Australie: l’accès à Uluru bloqué par des autochtones

Le parc national Uluru est reconnu pour sa formation rocheuse du même nom, aussi appelée Ayers Rock.
Photo: Saeed Khan Agence France-Presse Le parc national Uluru est reconnu pour sa formation rocheuse du même nom, aussi appelée Ayers Rock.

Le célèbre parc national australien d’Uluru a été contraint de fermer mardi après que des autochtones eurent empêché des touristes d’y accéder par peur que ces derniers ne soient porteurs du coronavirus, ont annoncé des responsables locaux.

Une trentaine d’autochtones habitant dans cette zone reculée du Territoire du Nord ont empêché plusieurs dizaines de touristes d’approcher de l’entrée du parc, a déclaré Glenn Irvine, de la Mutitjulu Community Aboriginal Corporation, qui gère les relations avec les communautés locales.

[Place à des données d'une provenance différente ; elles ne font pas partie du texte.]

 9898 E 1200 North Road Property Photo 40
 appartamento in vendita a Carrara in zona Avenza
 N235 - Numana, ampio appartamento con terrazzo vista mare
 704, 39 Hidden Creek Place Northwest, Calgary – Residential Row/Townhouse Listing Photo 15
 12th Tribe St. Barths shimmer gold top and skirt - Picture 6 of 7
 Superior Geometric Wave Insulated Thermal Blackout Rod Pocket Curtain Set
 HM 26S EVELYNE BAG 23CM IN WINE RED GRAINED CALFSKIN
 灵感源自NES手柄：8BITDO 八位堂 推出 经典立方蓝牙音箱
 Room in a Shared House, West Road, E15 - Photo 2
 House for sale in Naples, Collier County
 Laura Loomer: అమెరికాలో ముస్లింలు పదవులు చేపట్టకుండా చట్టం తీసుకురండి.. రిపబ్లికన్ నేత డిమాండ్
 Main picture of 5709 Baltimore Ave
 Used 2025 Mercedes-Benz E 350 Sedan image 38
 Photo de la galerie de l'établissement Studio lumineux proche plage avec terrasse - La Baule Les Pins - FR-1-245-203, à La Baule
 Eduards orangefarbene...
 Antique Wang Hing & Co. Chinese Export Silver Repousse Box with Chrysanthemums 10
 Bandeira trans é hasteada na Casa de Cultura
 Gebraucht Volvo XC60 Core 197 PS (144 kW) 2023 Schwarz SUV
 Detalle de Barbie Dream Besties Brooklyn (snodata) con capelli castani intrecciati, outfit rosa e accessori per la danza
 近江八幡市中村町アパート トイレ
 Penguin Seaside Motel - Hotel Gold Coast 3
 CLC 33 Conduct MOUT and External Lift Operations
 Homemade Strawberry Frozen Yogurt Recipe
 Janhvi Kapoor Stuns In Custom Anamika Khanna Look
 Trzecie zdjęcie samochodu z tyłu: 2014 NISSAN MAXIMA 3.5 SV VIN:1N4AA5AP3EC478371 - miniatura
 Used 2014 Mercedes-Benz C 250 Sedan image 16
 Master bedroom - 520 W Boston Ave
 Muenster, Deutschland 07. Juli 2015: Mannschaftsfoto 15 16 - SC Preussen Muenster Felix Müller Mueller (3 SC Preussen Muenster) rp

Les habitants ont dit avoir décidé d’agir après avoir été pris de court par l’arrivée de 43 touristes par avion en provenance de Brisbane, dans l’État du Queensland.

« Nous avions compris que le vol avait été annulé », a dit M. Irvine à l’AFP.

À son arrivée, « nous avons demandé au parc national de fermer », a-t-il expliqué, et comme le parc ne l’a pas fait, « les habitants se sont rassemblés à son entrée. »

Après des discussions avec les autorités locales, le parc Uluru, renommé pour la célèbre formation rocheuse également connue sous le nom d’Ayers Rock, a été fermé.

Plus de 395 000 personnes ont visité le parc entre juillet 2018 et juin 2019, selon l’autorité australienne supervisant les parcs.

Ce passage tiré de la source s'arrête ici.